# What the exercise asks:
Omit all pictures and transcribe only the lines in the entries below that run from the line with "Uw QR Code Scan" through the line with "Luxury Geometric Thermal".

# Data provided:
##########

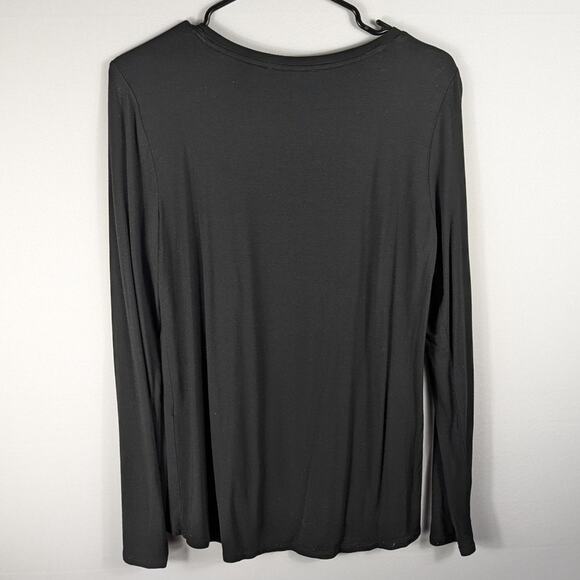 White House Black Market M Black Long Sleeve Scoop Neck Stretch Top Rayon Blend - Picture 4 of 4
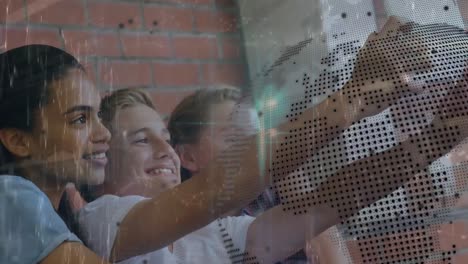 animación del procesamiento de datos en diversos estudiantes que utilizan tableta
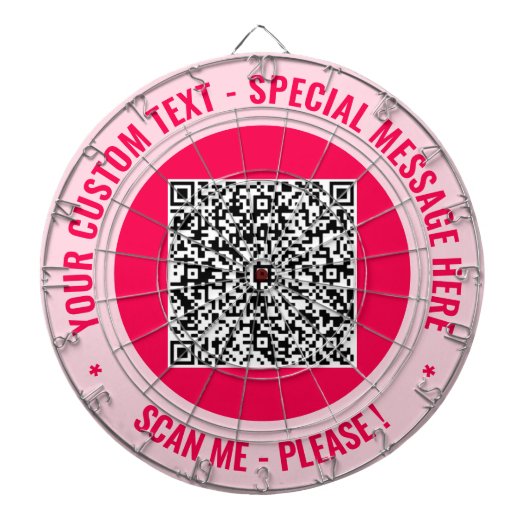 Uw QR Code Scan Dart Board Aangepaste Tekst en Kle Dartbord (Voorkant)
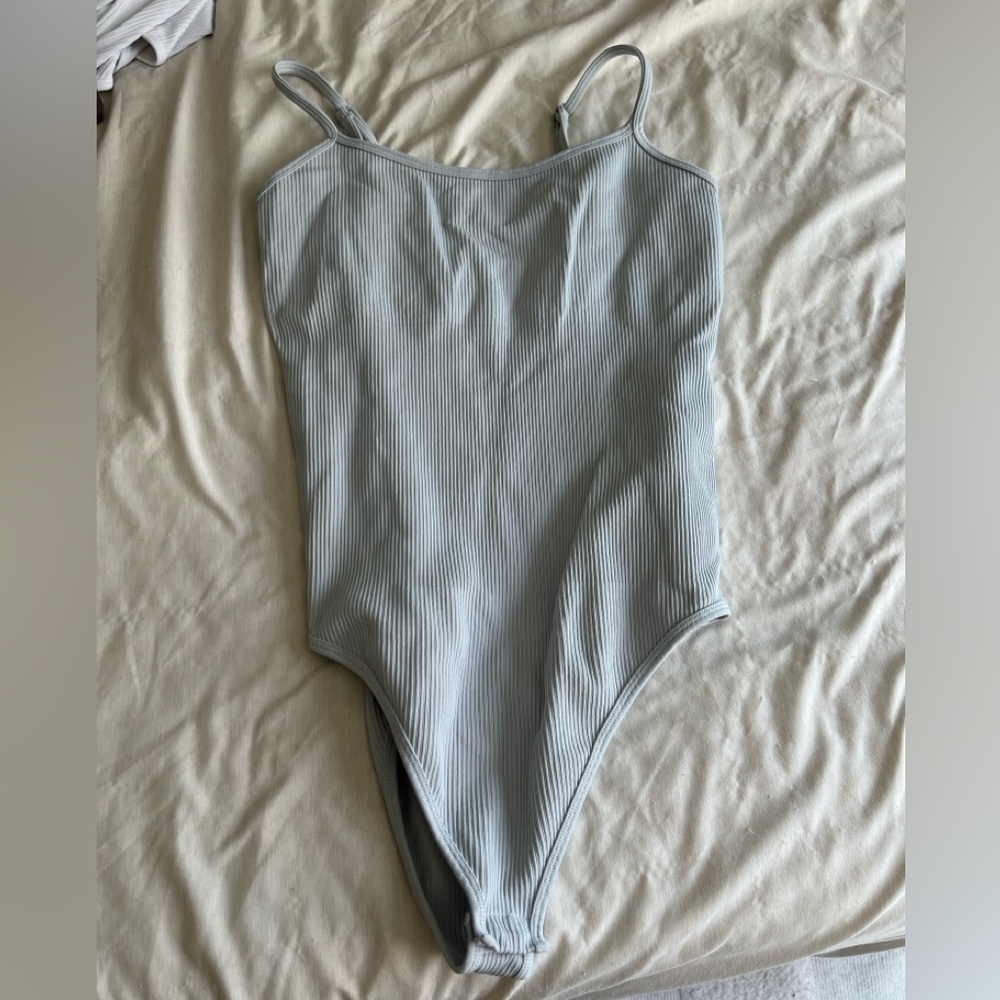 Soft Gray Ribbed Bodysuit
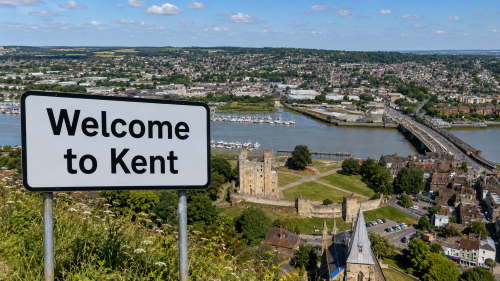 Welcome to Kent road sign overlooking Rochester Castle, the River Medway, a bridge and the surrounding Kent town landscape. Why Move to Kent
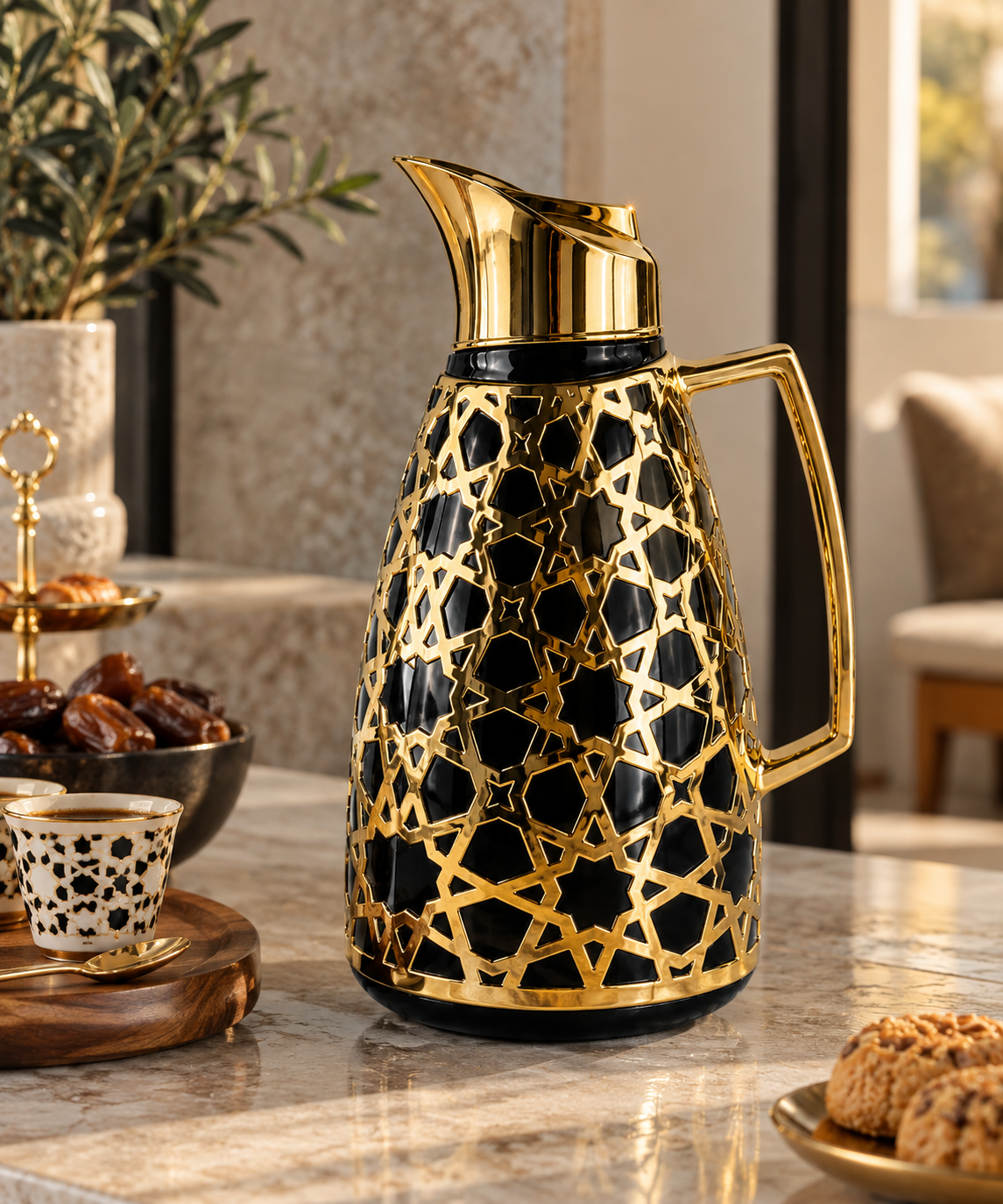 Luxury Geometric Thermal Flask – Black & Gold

##########

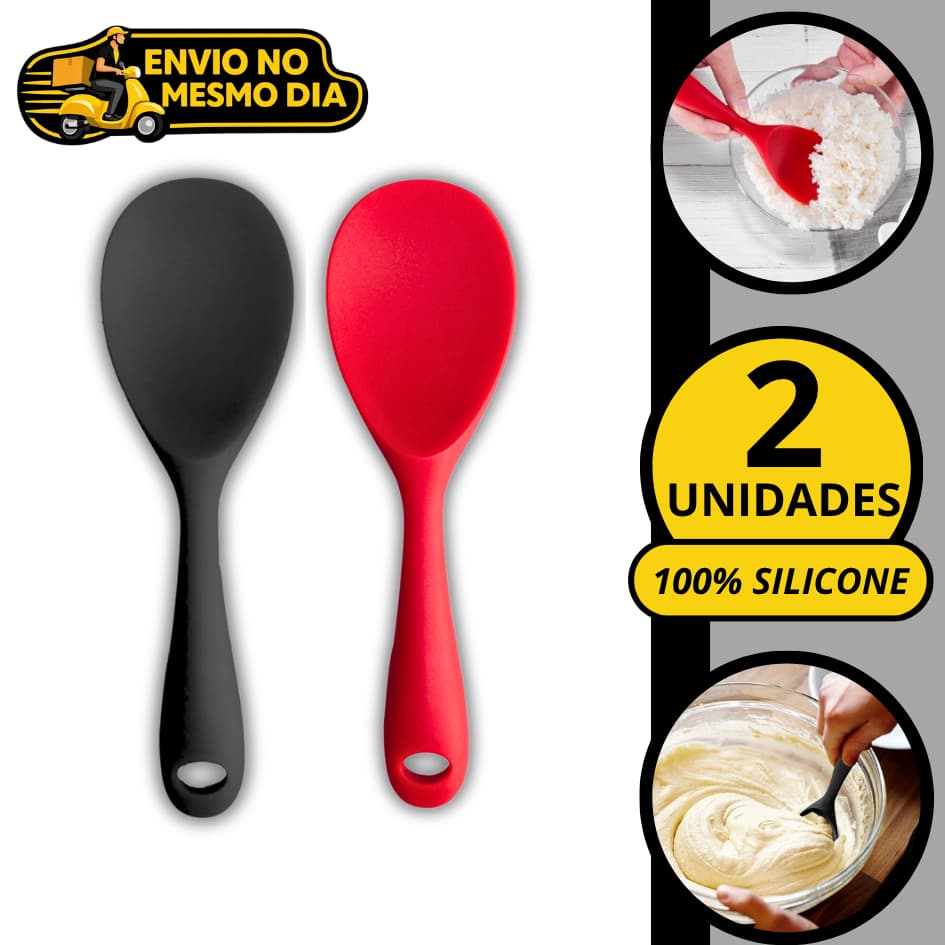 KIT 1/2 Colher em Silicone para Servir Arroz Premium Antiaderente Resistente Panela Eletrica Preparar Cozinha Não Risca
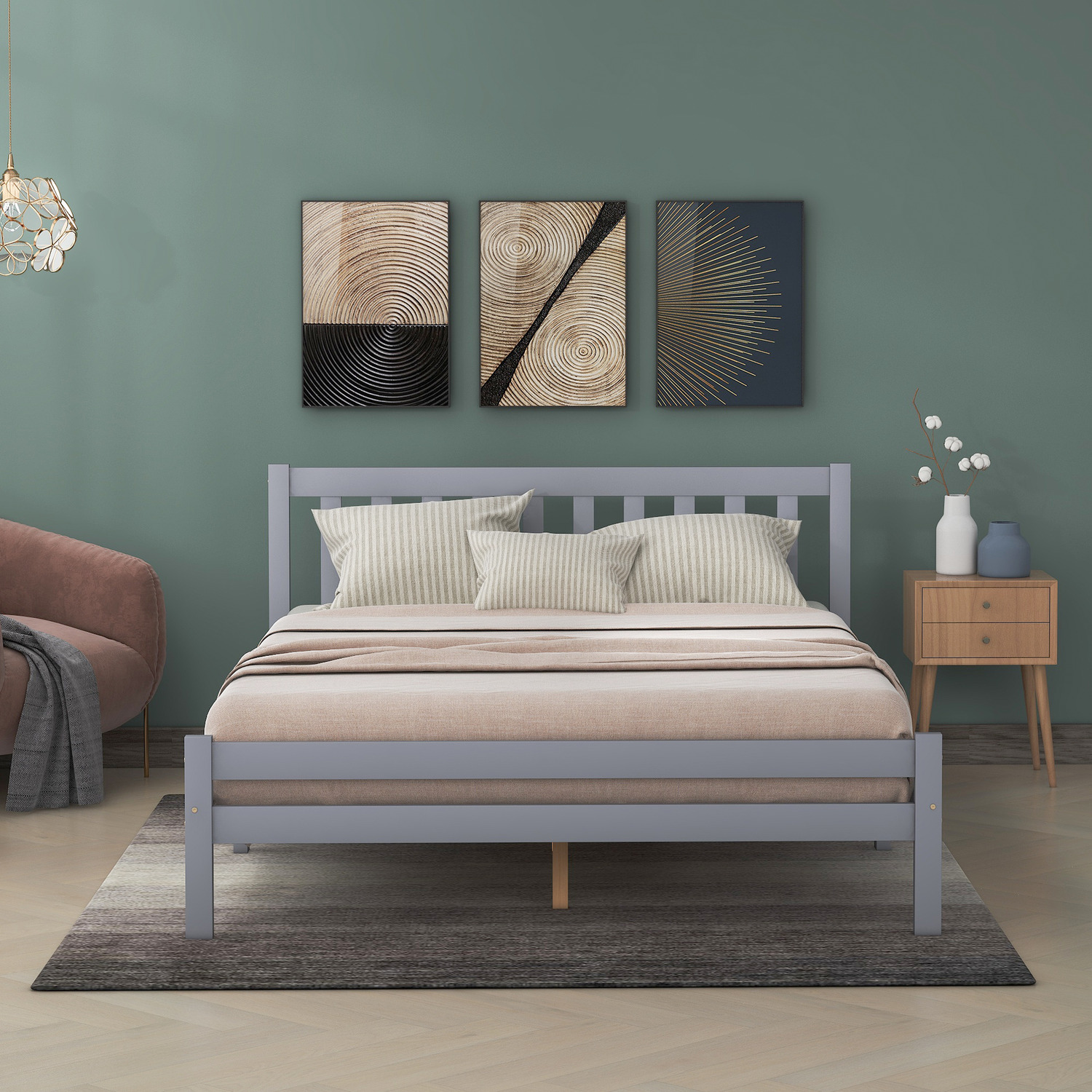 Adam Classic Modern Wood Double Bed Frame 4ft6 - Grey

##########

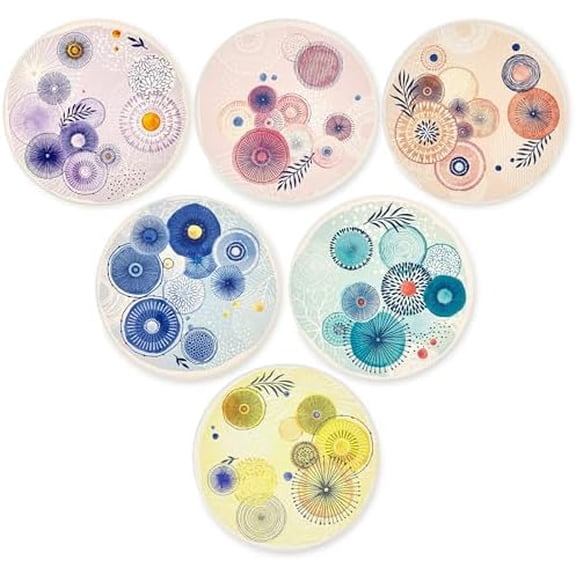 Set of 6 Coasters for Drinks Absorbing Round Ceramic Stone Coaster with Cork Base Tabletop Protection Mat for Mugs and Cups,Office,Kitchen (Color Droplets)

##########

# Response below:
 Uw QR Code Scan Dart Board Aangepaste Tekst en Kle Dartbord (Voorkant)
 Soft Gray Ribbed Bodysuit
 Welcome to Kent road sign overlooking Rochester Castle, the River Medway, a bridge and the surrounding Kent town landscape. Why Move to Kent
 Luxury Geometric Thermal Flask – Black & Gold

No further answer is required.